GIVEN MATERIAL
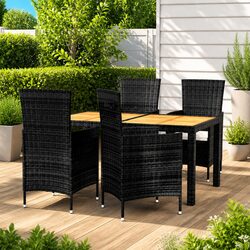 Value and Practicality in a 5 Piece Outdoor Set
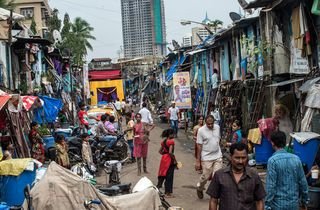 Mumbai slum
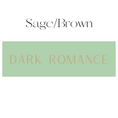 Load image into Gallery viewer, Dark Romance Shelf Mark™ in Sage & Brown by FireDrake Artistry®
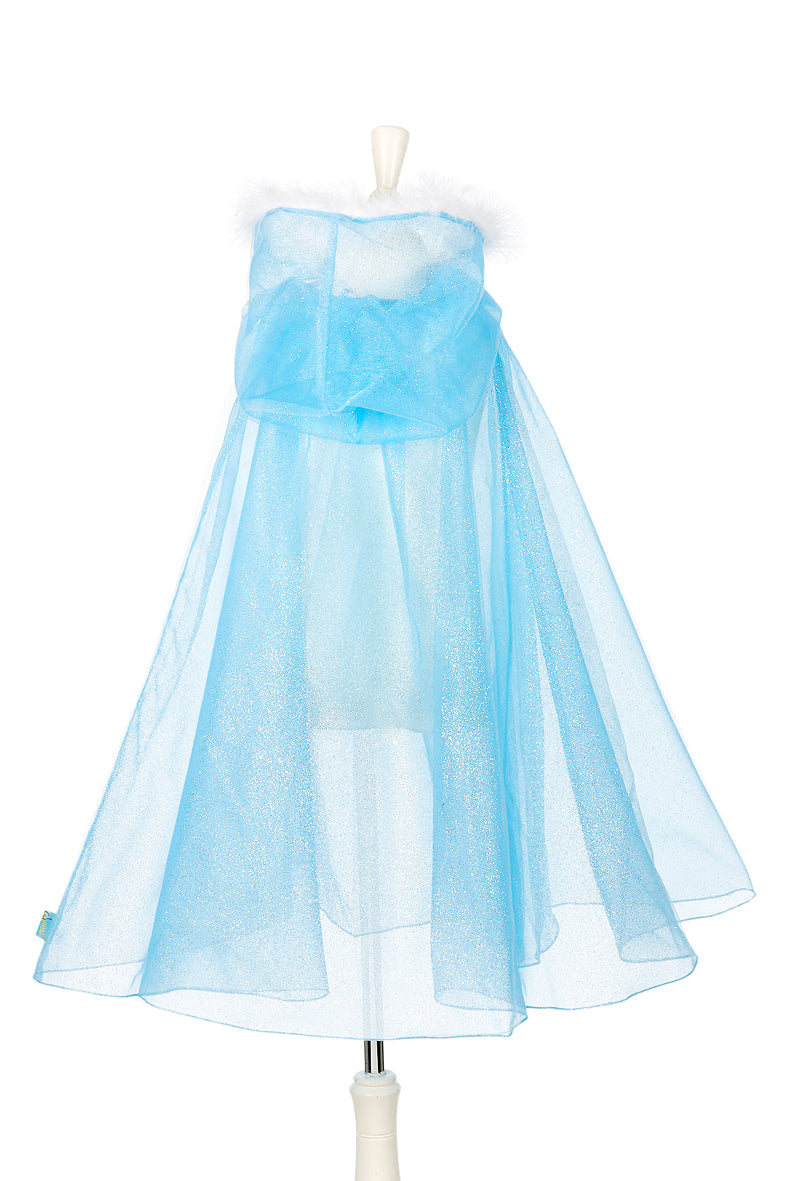 Ice Queen Costume Cape for Kids - Carnival & Festive Use  (3 sizes)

EXERCISE OBJECTIVE
Where a picture appears in the material above, skip it, and print the rest exactly.

SOLUTION FOR THIS PROBLEM
 Value and Practicality in a 5 Piece Outdoor Set
 Mumbai slum
 Load image into Gallery viewer, Dark Romance Shelf Mark™ in Sage & Brown by FireDrake Artistry®
 Ice Queen Costume Cape for Kids - Carnival & Festive Use  (3 sizes)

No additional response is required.